2008"Christy's Comments"
Current Comments can be found here at the blog site.
Oct 17, "The Silent Treatment"
Oct 9, "Daddy's Closet, Sabbath Rest"
Oct 2, "We Can't Have it Both Ways"
Sept. 26, "Two Skunks in a Room"
Sept. 17, "The Wedding Planner"
Sept. 12, "A Better Life"
Sept 5, "Lies or Truths"
August 29, "Homework and Grace"
August 22, "Friendship and the Kingdom of Heaven"
August 15, "Church At It's Best"
"They will Know We are Christians," Denton Record Chronicle Article
August 8, "The Courage to be Light"
August 3, "The Holy Meal"
July 25, "No Longer Ours"
July 18, "In the Midst of Sorrow"
July 11 "Still Drugging Our Children"
The Gospel of Flowers
June 22, "My Treasures, His Junk"
June 20, "Afflict the Comfortable"
June 13, "Cooperation: Two Way Traffic to Life"
June 6, "Promiscuous Love"
Earlier 2008 comments are here.
2007 Comments are here.
2006 Comments are here.
 
 
 
 
 
Christy's Comments
May 18 Krum Star Article, "Peace Amng the 'Unsolvables'"
It was a late night phone call. It had been a long day already. I had no energy for anyone else—I just wanted to rest and prepare for the rigors of the following day. I tried to ignore the phone, but the caller persisted. When I answered, my sister's voice came through, "Daddy is ill and insists he needs to go to the hospital."
My sister was also exhausted—earlier that day had been the memorial service for her mother-in-law, whom my sister had cared for in the weeks preceding her death. But my sister lives 10 miles away from my parents, and I'm over 50 miles away, so she and her husband headed over there. I kept my mother and father on the phone to help the time pass while waiting for my sister to arrive.
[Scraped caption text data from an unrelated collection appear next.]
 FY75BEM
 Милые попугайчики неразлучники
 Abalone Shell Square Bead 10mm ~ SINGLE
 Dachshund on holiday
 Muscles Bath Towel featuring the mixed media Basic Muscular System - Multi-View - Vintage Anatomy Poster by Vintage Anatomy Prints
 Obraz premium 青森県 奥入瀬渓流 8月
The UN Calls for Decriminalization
I have been quite concerned about my parents for some time, but my solutions to their problems are not their solutions, and never have been. While I have much respect for them, I also know that we live our lives very differently. When I try to impose my solutions upon them, I encounter huge resistance. No surprise—I'm equally as resistant when they try to impose their solutions to my life challenges upon me. I have finally realized that I can't solve their problems for them. With that realization, I have started calling these concerns I have for them the "unsolvables" of my life. There are lots of "unsolvables" around—besides the personal ones that all of us have, we've also got the global ones like terrorist attacks and suicide bombers and famines and earthquakes and floods and tornadoes, not to mention rising gas prices and global warming.
No matter how I try, I can't fix these problems. No matter how little they are to my liking, I can't wish them into non-existence. These things just are. So do we let them take over our lives, destroying hope of the kind of peace that Jesus promised his followers? If not, what do we do with these kinds of problems where we can offer no effective solutions or immediate fixes?
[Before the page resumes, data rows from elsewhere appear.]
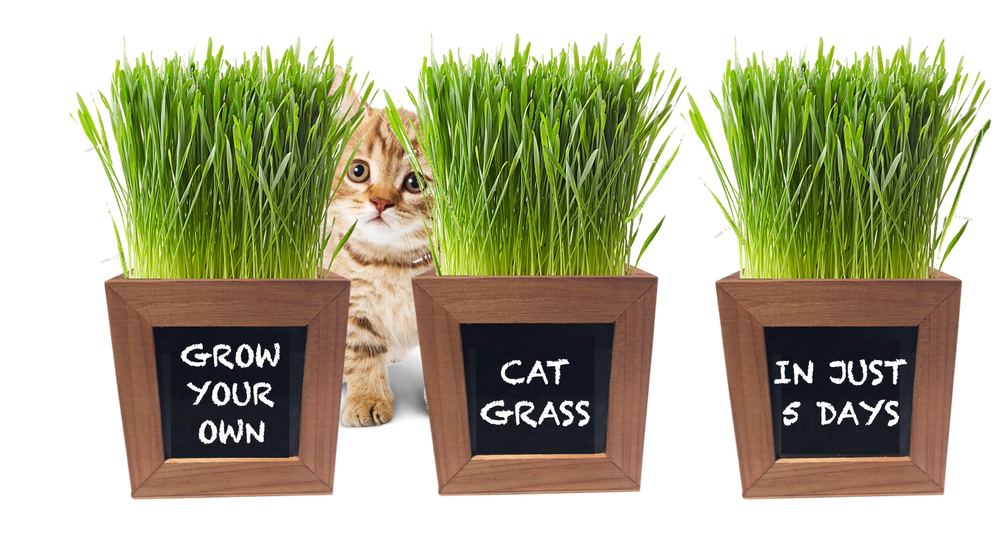 Cat Grass Growing Kit with 3 Mini Wooden Planters, Certified Organic Seeds and Soil.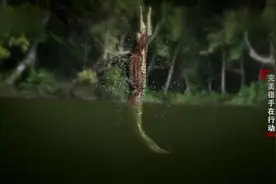 《动物世界》鱗斑鳄跳跃2米多高，只为捕捉树上的食物视频封面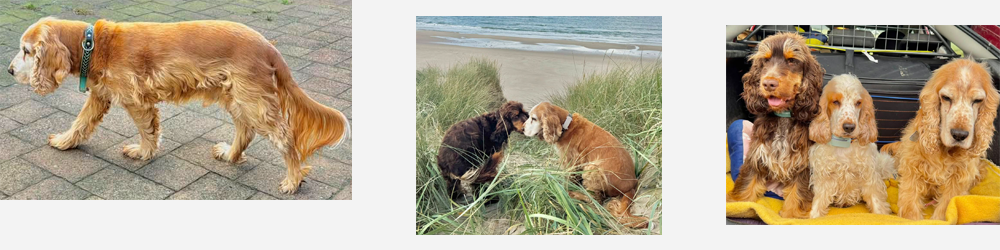 Spike, Maite vom Nikolausberg, Duke Ellington | English Cocker Spaniel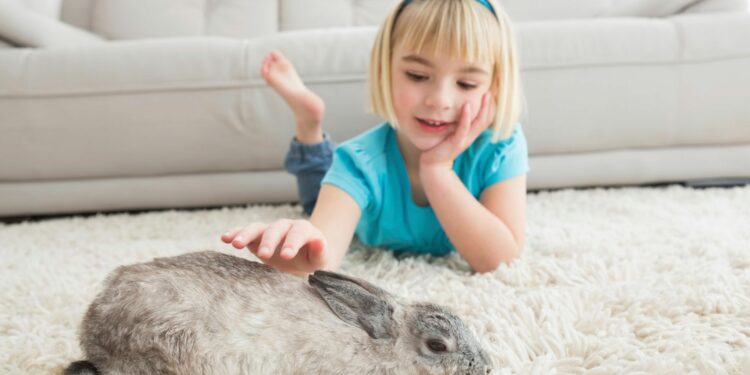 Comment empêcher un lapin de faire ses besoins partout ?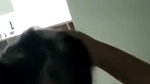 Blowjob by gf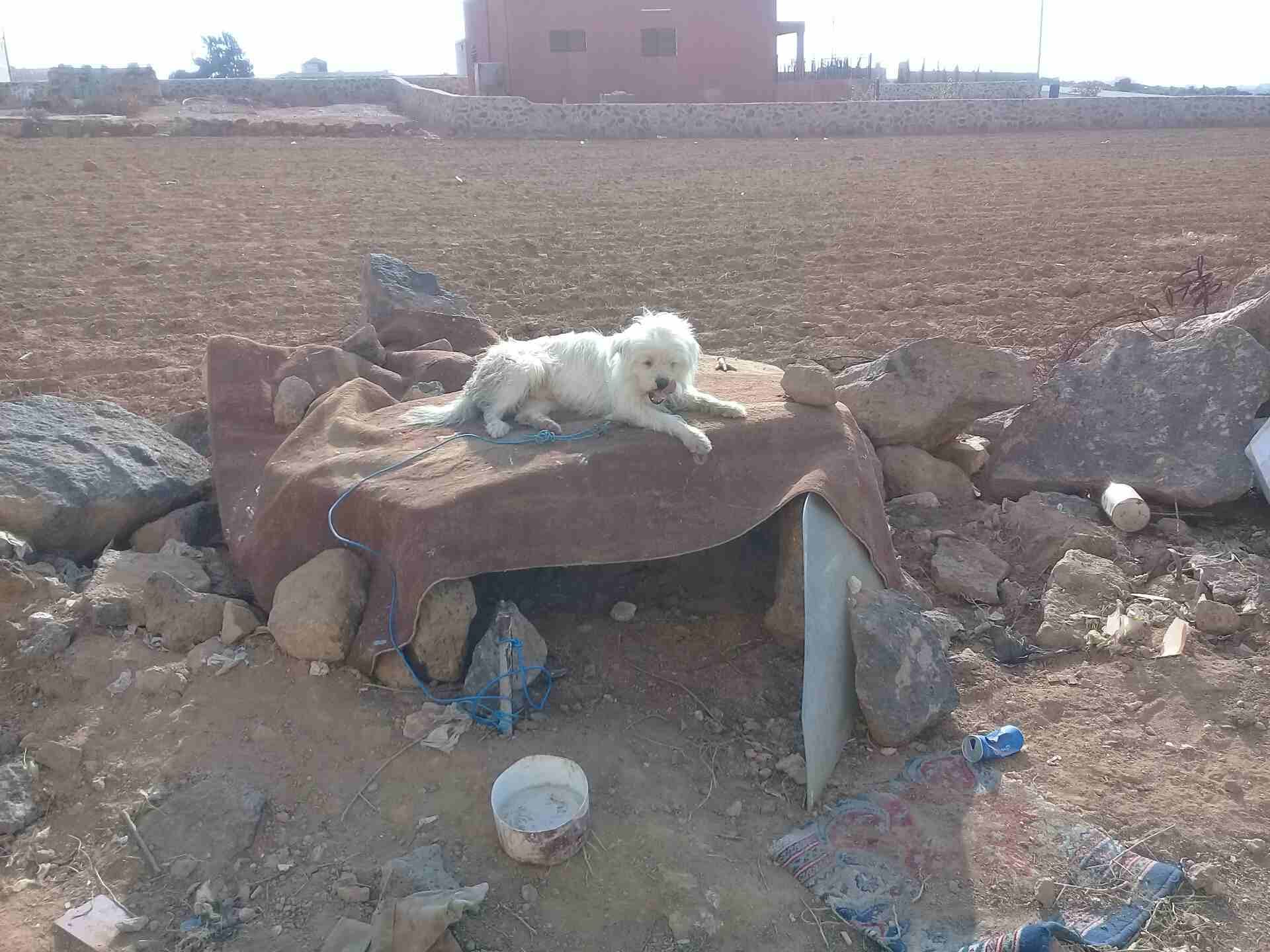 الكلب بصحه جيده
لا تنسَ أنك شاهدت هذا الإعلان في عنكبوت
كلب فرنسي للبيع...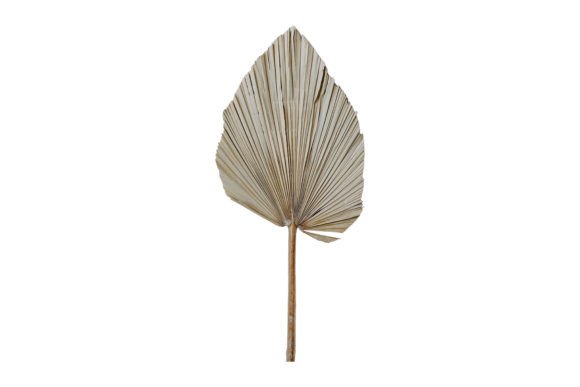 Transform Your Design Projects with the 334 Dried Decorative Leaf Isolated Resource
In other words, is it possible to find a deep inner peace in the midst of these unsolvable situations? Yes, I believe it is. That kind of peace comes by exercising the discipline of choosing to accept those "unsolvables" with a receptive heart, knowing we will learn and grow from our exposure to them. We must add to this receptiveness the courage to actively change the things that are in our control—such as our own responses to them. The combination of such receptivity and courage leads to an abiding peace. That kind of peace is contagious—just as panic can be contagious. The kind of peace that Jesus speaks of is not some state of eternal bliss—or state of everything suddenly being OK or arranged to our liking. It is the peace that knows that God is present, even in the most challenging of circumstances. When God is present, the Kingdom of God is all around us, and can be experienced.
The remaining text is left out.